We checked in with you in October last year. How are things going?

A year ago, we had 34 towers signed but not all the screens were installed. Today we are up to 82 towers. The most notable milestone was signing the agreement with Dubai Properties Group [DPG], which includes all the JBR residential towers as well as Business Bay executive towers. Those are fairly high-profile towers that really expanded our reach.

How are ad sales going?

With those two particular groupings [JBR and Business Bay] we’ve certainly reached a critical mass now. Once those towers are fully installed [with screens] which will be at the end of November we will be reaching about 75,000 daily viewers. We are starting to get some really good clients: in telco, Etisalat has been a very regular customer of ours; with auto we’ve had BMW, Cadillac; in banking — HSBC, Deutsche Bank; Sony, Blackberry, Huawei, Media One Hotel, Evian, AIG Insurance. Even fashion brands are starting to take notice: Gucci, Thomas Pink, St John.

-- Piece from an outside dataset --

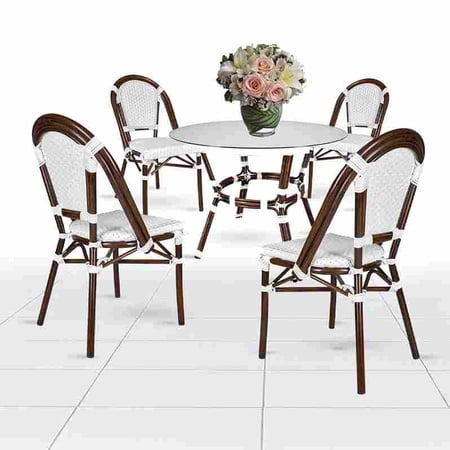 White French Bistro Set Includes 40" Table and 4 Chairs by Chivari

Things are really shaping up.

Do you provide content for your customers?

We do have an in-house animation team; I wouldn’t say create [ads] from scratch but we certainly amend content. Because our medium is new and because our screen sizes are [irregular] and because there is no audio, more often than not we will take their creative assets — print they are using for a magazine, billboards, a TV spot or online banners — and we’ll add some flash animation, cut up the editing to be a little bit more succinct. Each ad is 15 seconds in duration and we typically run that on a three-minute loop which supports an inventory of 12 advertisements. You want the ads to be long enough that there is a clear message and the point can be driven home; but you need them to be short enough as well that the people in the lift will get the whole message.

What kind of feedback have you had from the towers’ residents and occupants?

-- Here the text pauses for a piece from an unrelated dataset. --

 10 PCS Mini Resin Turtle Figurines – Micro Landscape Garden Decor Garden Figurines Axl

We try to have a very community-driven content strategy. In the morning on the way to work you get a quick blurb about who won the football match, what’s happening in and around your neighbourhood — some art shows, some events. We know lot of people in the communities that have our screens in and we are always getting positive feedback. Because our system is quite technically advanced we try to tie in instagram and Twitter. With the DIFC, for example, our screens have a permanent space that holds the DIFC Twitter application. So when the DIFC tweets something it automatically goes across all 72 screens. We are doing something there as well with instagram — photo of the day — and we are actually near to rolling it out on the rest of the network as well. You take a photo on instagram and you hashtag it DIFC, for example. If DIFC then likes that photo on their account then it goes across all the screens. Everyone likes to see their photo in the public domain. It gets people involved, it really has that engagement factor ,it gets the community into the network and is more than just an advertising screen.

Have you plans to expand beyond Dubai?

We are going to enter Abu Dhabi probably nearing the end of this quarter. By December we can start moving into our first building there. We are in late stage negotiations but I am not really at liberty to say at this point, as nothing is signed, sealed or delivered yet. Saudi and Qatar are in the long- term plans — we would probably be looking at end of year next year or start of 2015. In the region it’s very relationship-based and we are fostering those relationships now and having those early discussions now. Our immediate plan is to build up Abu Dhabi as quickly as we can, get some solid footing there and then enter the other jurisdictions.

How will you fund this next stage of growth?

We’re reaching operational profitability, so in terms of revenues we are optimistic that we can probably expand from this point by internally self-funding through revenues from ad sales. If we take on a large project — for example, the DPG project with 40 towers — there may be a need to raise some capital. We have a great group of investors who are happy to reinvest. Options are there if we need them. In terms of entering new jurisdictions like Saudi or Qatar that might be time when we look for some more investment.

It seems the business has become successful quite quickly. Would you agree?

We’ve been at it for about two-and-a-half years now. Certainly the first 12 months were challenging. When you are approaching property owners and landlords and asking them to partner with you when you’re a start-up and you have no track record it’s difficult. Because we are in every corner of Dubai now — from the premium residential towers to the premier commercial towers — we are very visible, and people like it. So when we are approaching clients, property partners, advertisers [they] look at that.